Un relato
Como en todos
los momentos de grandes conmociones de la historia de mi breve existencia, que
comenzaba hoy, había yo estado todo este tiempo, sin saberlo, jugando al juego
más extraño de todos, con más movimientos y posibilidades que cualquier otro,
que átomos tiene el universo; paseando por el tablero en el que ocurren todos y
cada uno de los procesos y decisiones que determinan el final o continuidad de
nuestro juego contra el universo: el de la vida. Me encontré a mi mismo en la
terraza del café al que solía ir en mis ratos libres, que por aquel entonces
eran bastantes, cavilando sobre la posibilidad de que las sillas, por ejemplo,
fueran algo más que ellas mismas; pensando sobre la probabilidad de que el ser
humano fuera consciente de sus creaciones más simples como objetos íntimos
colmados de significado. Si al final existieran algunas pocas almas perdidas
que lograran dar significado más allá del material tangible del que están
hechas las cosas a algo tan simple como a las sillas y mesas que nos rodeaban,
no habría sido mi viaje hasta aquí en vano. Pedir, no obstante, que las mismas
personas que no son capaces de dar
cuenta de la significancia o el valor oculto de las cosas más nimias, lo
hicieran asimismo con sus semejantes humanos, era ya pedir demasiado. Por
desgracia aquellos que fueran capaces de hacerlo llevarían en su mirada la
marca cainita que los diferenciaría del resto, del vulgo, de la muchedumbre y
el gentío, y estos últimos, para perseverar en la ineptitud del inapetente y el
crédulo, del pueril con respecto a las
pasiones humanas, los estigmatizarían intentando buscar la manera de
segregarlos de la estancada normalidad que invadía en aquel momento las calles
y los corazones de los mismos hombres.
Tan difícil
resultaba hoy en día encontrar la belleza en las pequeñas y comunes cosas que quien era capaz de llevar
tamaña tarea acabo, era decididamente seleccionado como parte disidente de la
humanidad y apartado de la estéril sociedad hacia lugares más ubérrimos e inhabitados: el lugar del Uno mismo. Por lo
que a mi respecta me gustaba fijarme en los pequeños detalles que conformaban
mi propio mundo y dedicarles un poco de mi tiempo, tan finito al fin y al cabo.

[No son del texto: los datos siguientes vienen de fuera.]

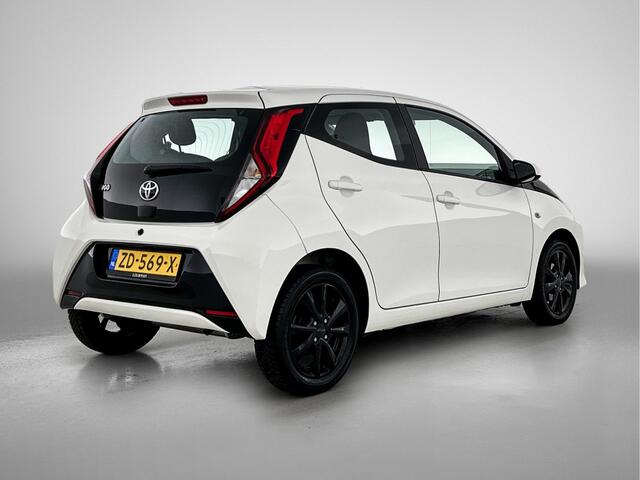 Toyota AYGO 1.0 VVT-i x-play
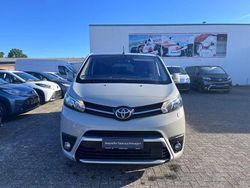 Sandstein metallic Gebraucht 2021 Toyota Proace Verso Comfort Kombi | 30.450 € (Fairer Preis)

En este momento recordé las palabras de uno de mis poetas favoritos: “no hay
nada tan pequeño y efímero que no sea capaz de despertar la fascinación del ser
humano”. Y con todo, no me canso de ver
diariamente todas esas personas que vagan con o sin rumbo por unas calles
inventadas por ellos mismos, especialmente dispuestas conforme a sus
necesidades más básicas como animales gregarios. Uno ya no puede estar seguro
de que lo que realmente puebla las calles pueda ser denominado como “ser
humano”. “Aquella que está gorda piensa y planea estar más delgada: parecerse
al sueño común de las mujeres de esta época” -pienso mientras sorbo un poco de
café. ¡Que nadie destaque! Gritan en cajas mágicas con inusitadas imágenes y
sonidos sobre lo que debiera ser la vida: un ir y venir de oscuros maniquíes
con predilección por las pertenencias materiales, pues es fácil estar tranquilo
con un espíritu sin inquietud y un corazón constantemente sosegado por los
placeres más mundanos. Luego pasan
otras, más delgadas y encantadas con su delgadez enfermiza, llenas de órganos,
como el resto de animales: conformes con su existencia, sin posar ni un momento
la mirada en las sillas o las personas que se agolpan en las terrazas; sin
prestar la más mínima atención a todo aquello que les rodea y es parte de su
universo.
Se me hace
amargo el café con todo, y tras pagar con la mitad de las monedas que
descansaban en mi bolsillo decido dar un paseo hacia mi búsqueda diaria. Desde
que desperté en el café encuentro en mi alma las ansias de encontrar y hacer
algo que todavía no consigo vislumbrar. Andar me ayuda sin embargo a aclarar un
poco mis ideas. Cerca de aquel café se agolpan miles de años de historia y
cultura resumidas en grandes rocas dispuestas por hombres que parecían más
inteligentes que nosotros pese a tener menos recursos: el teatro romano se hace
visible al girar la esquina. La única diferencia entre ellos y nosotros es que
éstos vestían las máscaras solo sobre el tablón del teatro, mientras el resto
observaba extasiado las enseñanzas sobre las que se construirían sus vidas y
valores. Ahora el teatro está en la calle, émula de la televisión, y todo puede
ser resumido también en pequeñas dosis de embriaguez hedonista. Frente al
teatro: pequeñas dosis de fotos Kodak,
breves clic de Cannon, efímeras
sonrisas y supuestos recuerdos individuales que invalidan la realidad conjunta
que una vez impregnó aquellas tristes ruinas iluminadas por luces artificiales.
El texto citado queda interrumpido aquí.